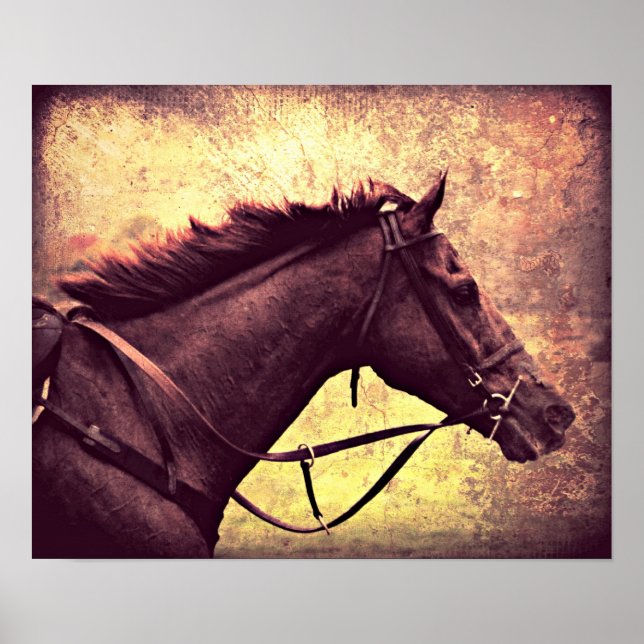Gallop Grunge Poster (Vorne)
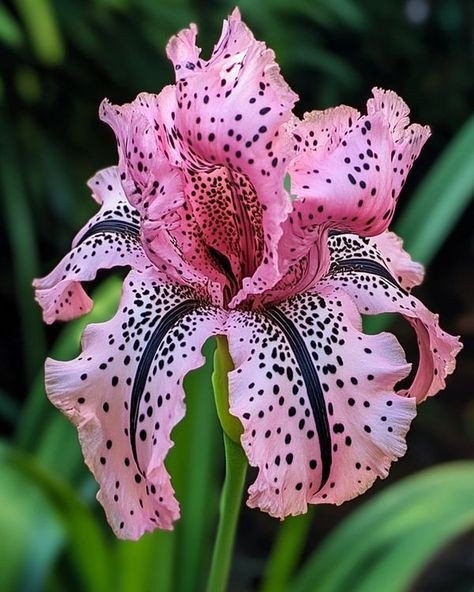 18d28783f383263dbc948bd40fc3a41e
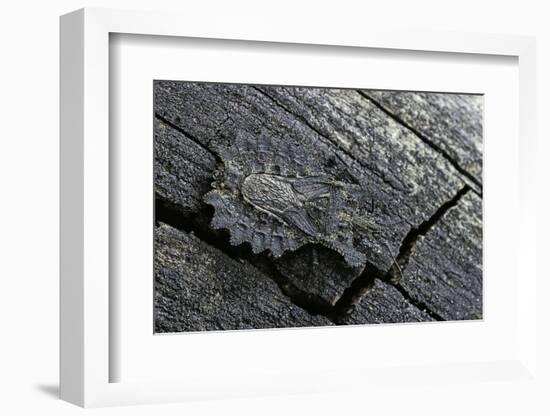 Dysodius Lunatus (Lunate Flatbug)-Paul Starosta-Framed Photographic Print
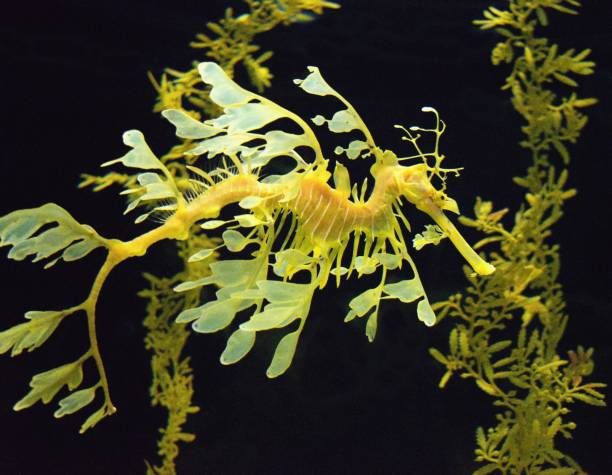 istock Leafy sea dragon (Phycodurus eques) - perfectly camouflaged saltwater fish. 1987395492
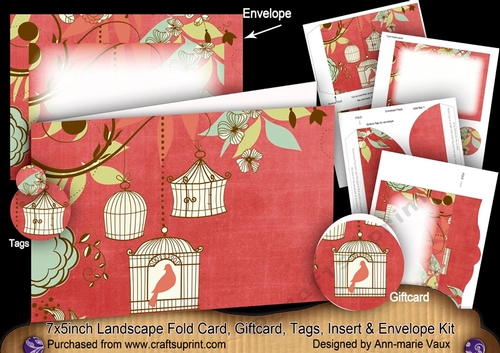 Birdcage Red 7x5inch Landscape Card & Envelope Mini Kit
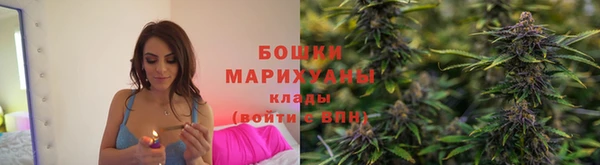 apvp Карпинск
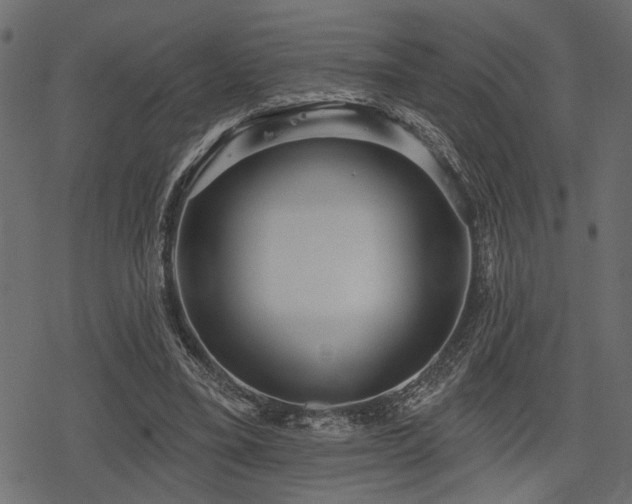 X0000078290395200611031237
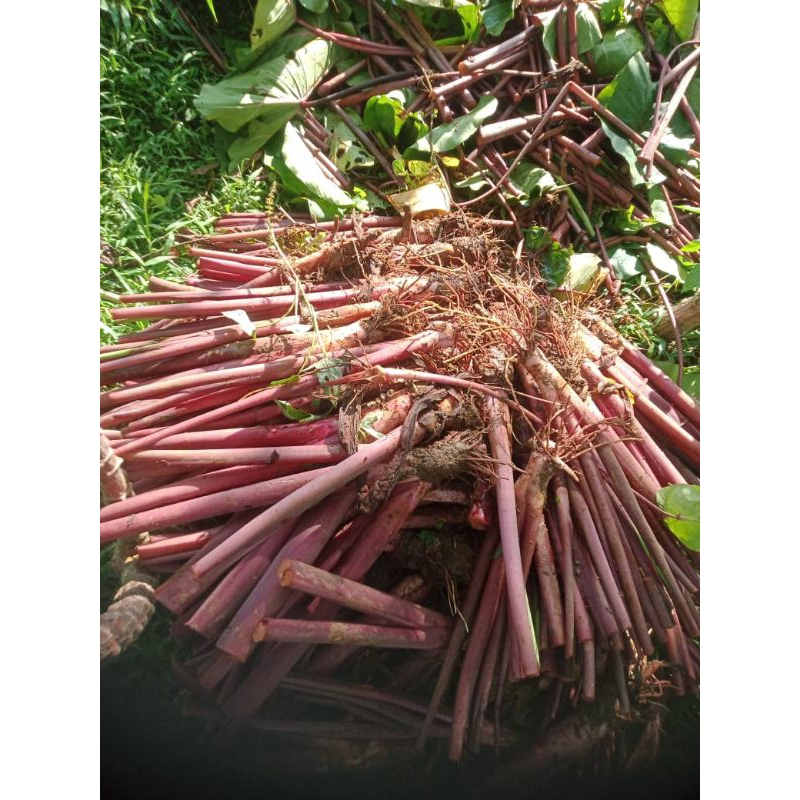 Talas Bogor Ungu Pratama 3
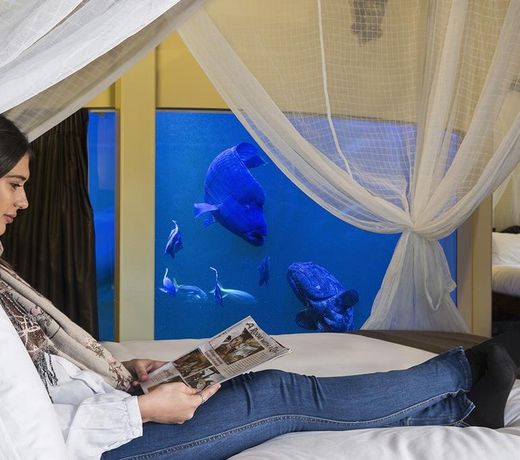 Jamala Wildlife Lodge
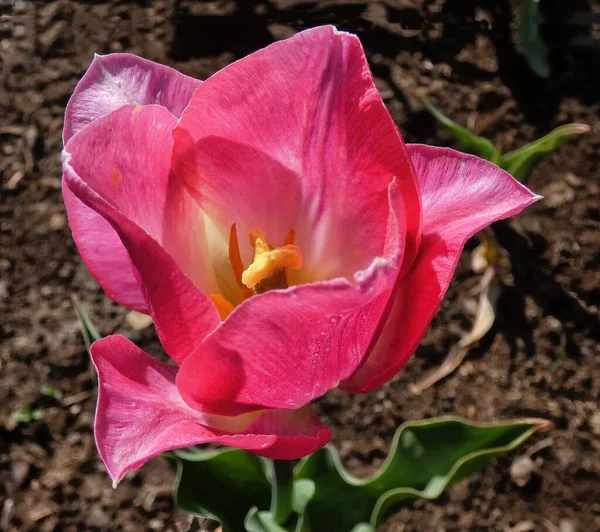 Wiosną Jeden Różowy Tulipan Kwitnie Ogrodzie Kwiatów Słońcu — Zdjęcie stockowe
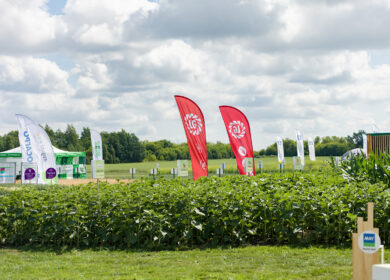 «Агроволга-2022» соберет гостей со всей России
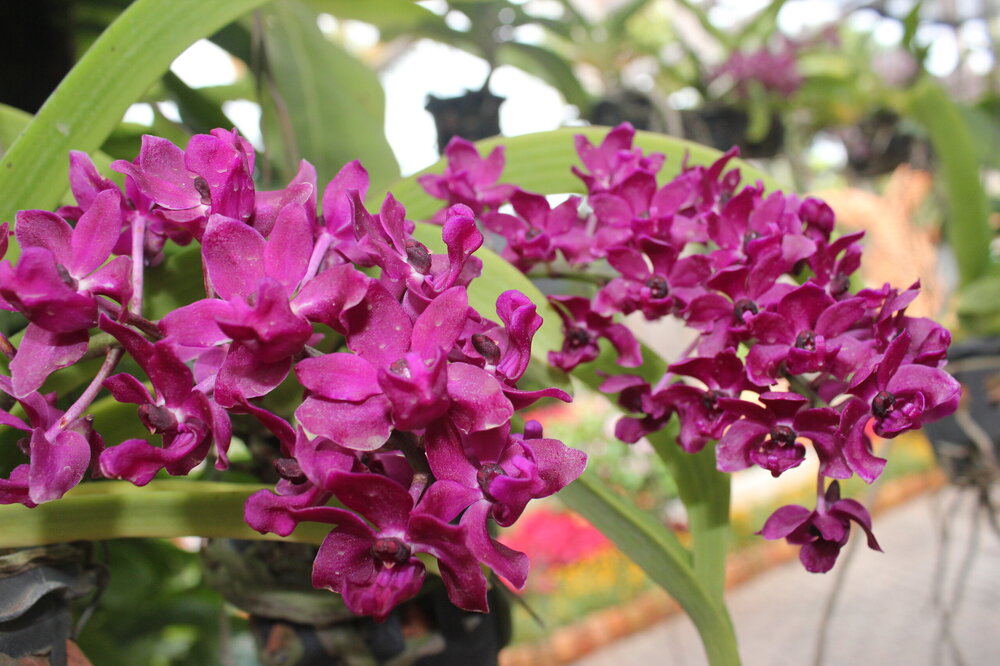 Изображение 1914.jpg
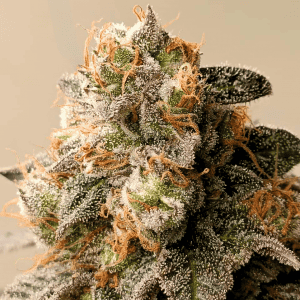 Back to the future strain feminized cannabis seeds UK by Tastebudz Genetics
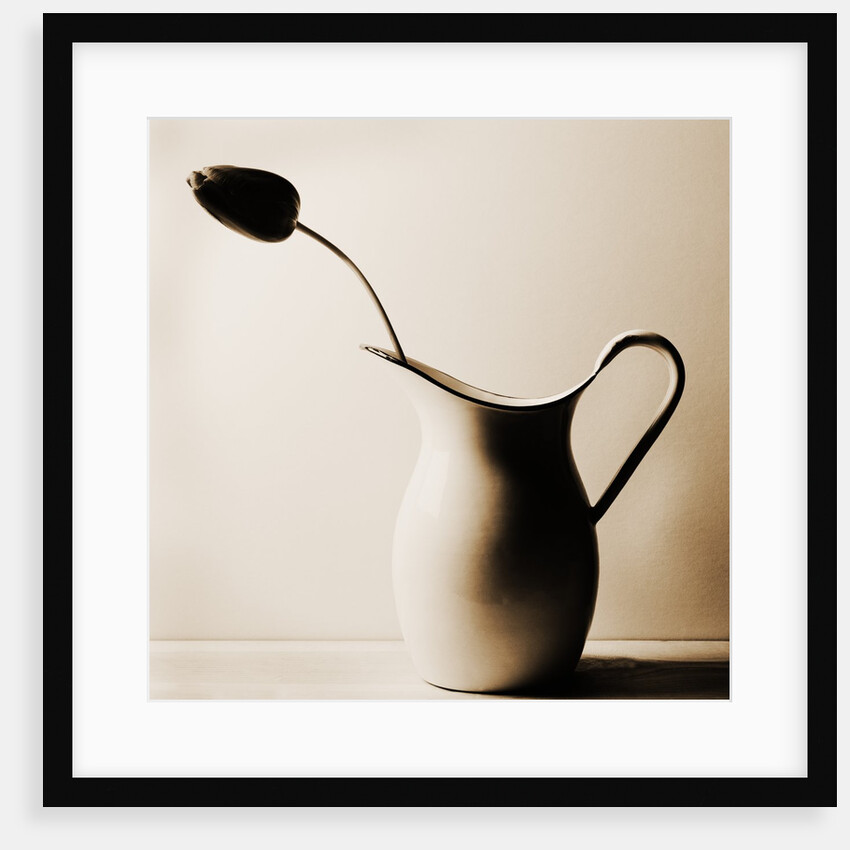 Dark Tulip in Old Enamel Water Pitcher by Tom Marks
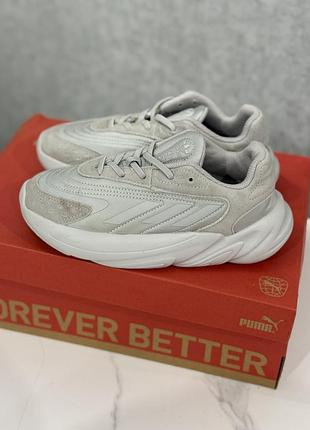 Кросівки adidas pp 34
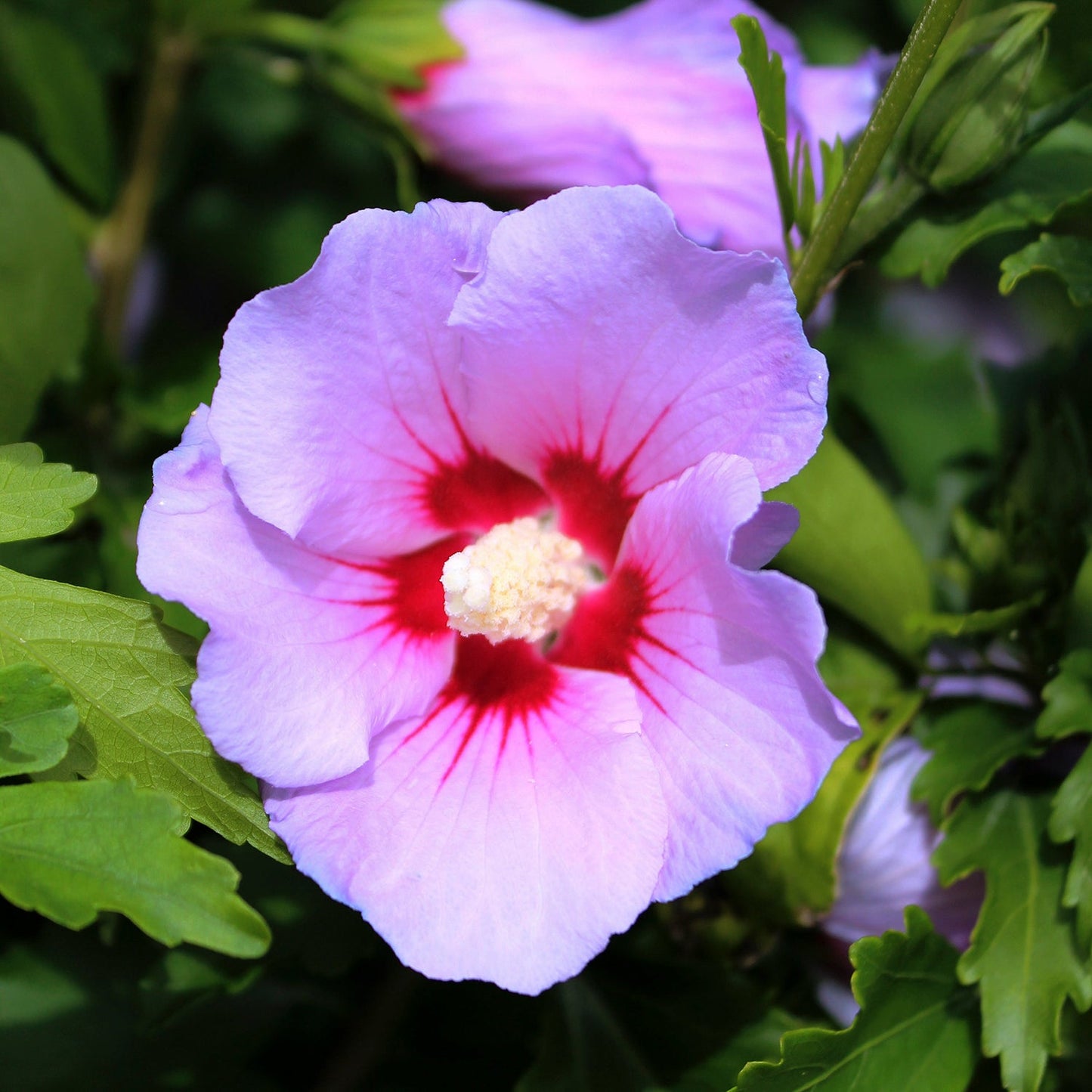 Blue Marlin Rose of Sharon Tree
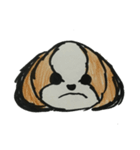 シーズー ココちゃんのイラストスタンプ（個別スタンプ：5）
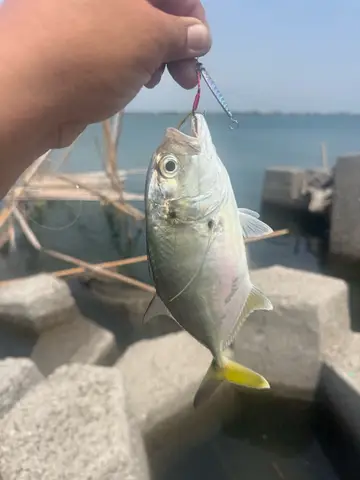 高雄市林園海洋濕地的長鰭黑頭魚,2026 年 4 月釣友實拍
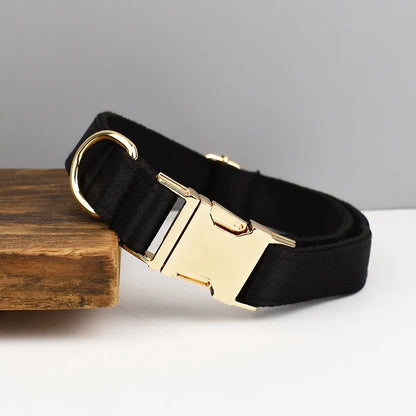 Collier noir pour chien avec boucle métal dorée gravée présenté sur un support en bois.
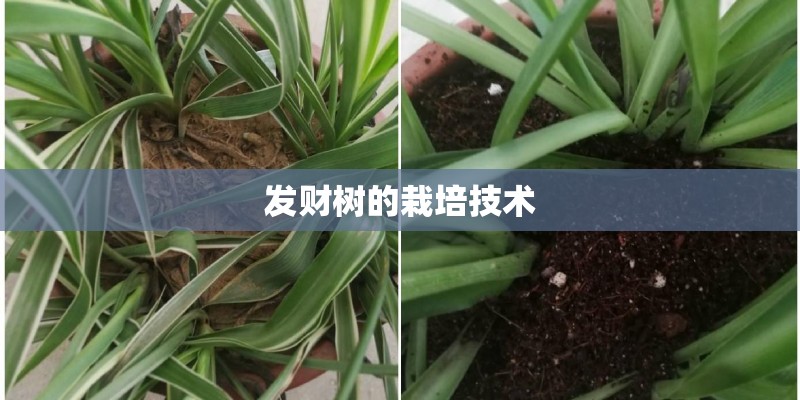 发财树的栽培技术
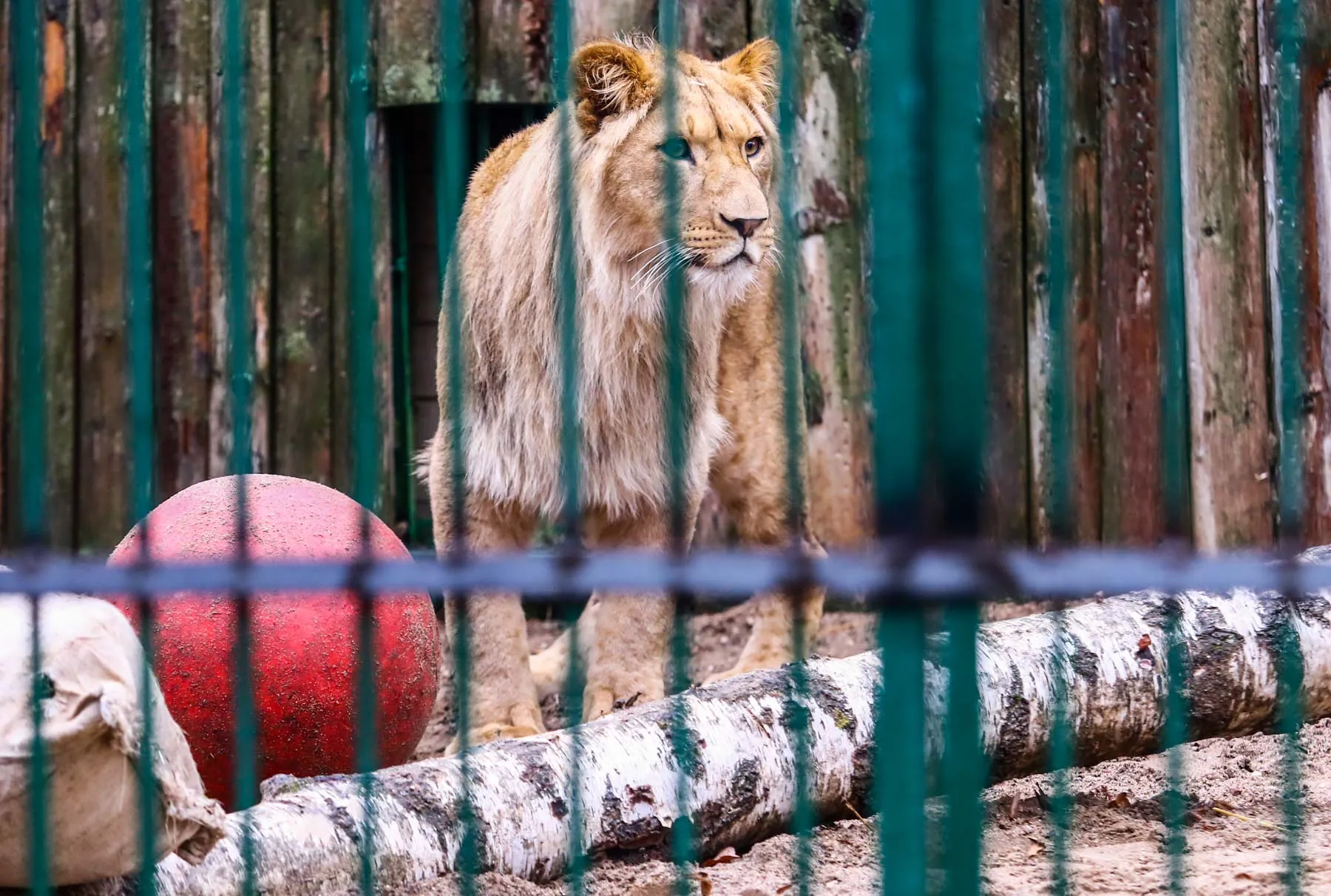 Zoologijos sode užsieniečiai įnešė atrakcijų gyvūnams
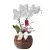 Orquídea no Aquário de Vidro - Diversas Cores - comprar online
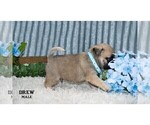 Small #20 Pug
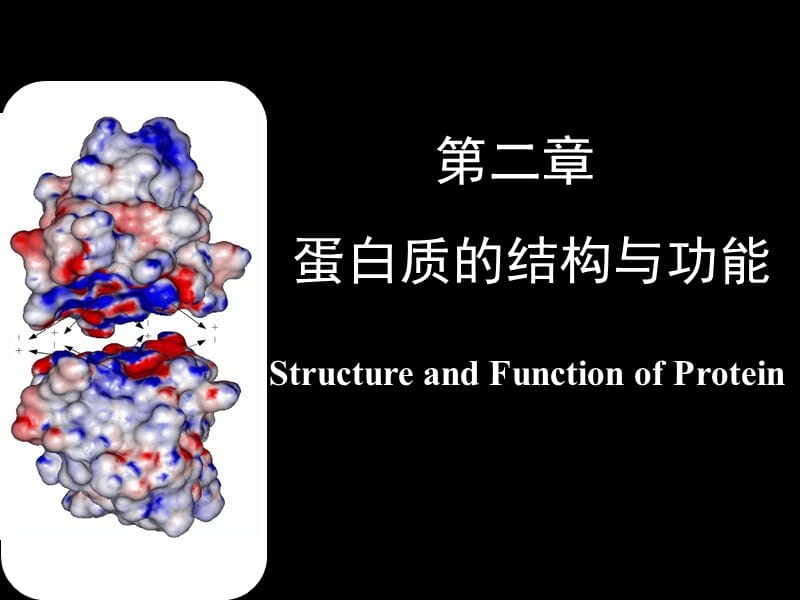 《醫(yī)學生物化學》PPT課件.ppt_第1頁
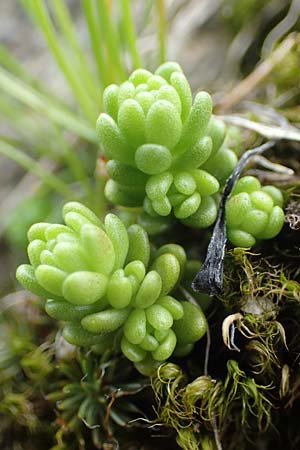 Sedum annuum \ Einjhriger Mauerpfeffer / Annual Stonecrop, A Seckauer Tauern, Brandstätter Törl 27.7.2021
———
Reproduce exactly the lines from the one with "Wiosną Jeden Różowy" to the bottom of the listing, both ends included, and nothing else. Skip the pictures.

▶ Answer box:
 Wiosną Jeden Różowy Tulipan Kwitnie Ogrodzie Kwiatów Słońcu — Zdjęcie stockowe
 «Агроволга-2022» соберет гостей со всей России
 Изображение 1914.jpg
 Back to the future strain feminized cannabis seeds UK by Tastebudz Genetics
 Dark Tulip in Old Enamel Water Pitcher by Tom Marks
 Кросівки adidas pp 34
 Blue Marlin Rose of Sharon Tree
 シーズー ココちゃんのイラストスタンプ（個別スタンプ：5）
 高雄市林園海洋濕地的長鰭黑頭魚,2026 年 4 月釣友實拍
 Collier noir pour chien avec boucle métal dorée gravée présenté sur un support en bois.
 发财树的栽培技术
 Zoologijos sode užsieniečiai įnešė atrakcijų gyvūnams
 Orquídea no Aquário de Vidro - Diversas Cores - comprar online
 Small #20 Pug
 《醫(yī)學生物化學》PPT課件.ppt_第1頁
 Sedum annuum \ Einjhriger Mauerpfeffer / Annual Stonecrop, A Seckauer Tauern, Brandstätter Törl 27.7.2021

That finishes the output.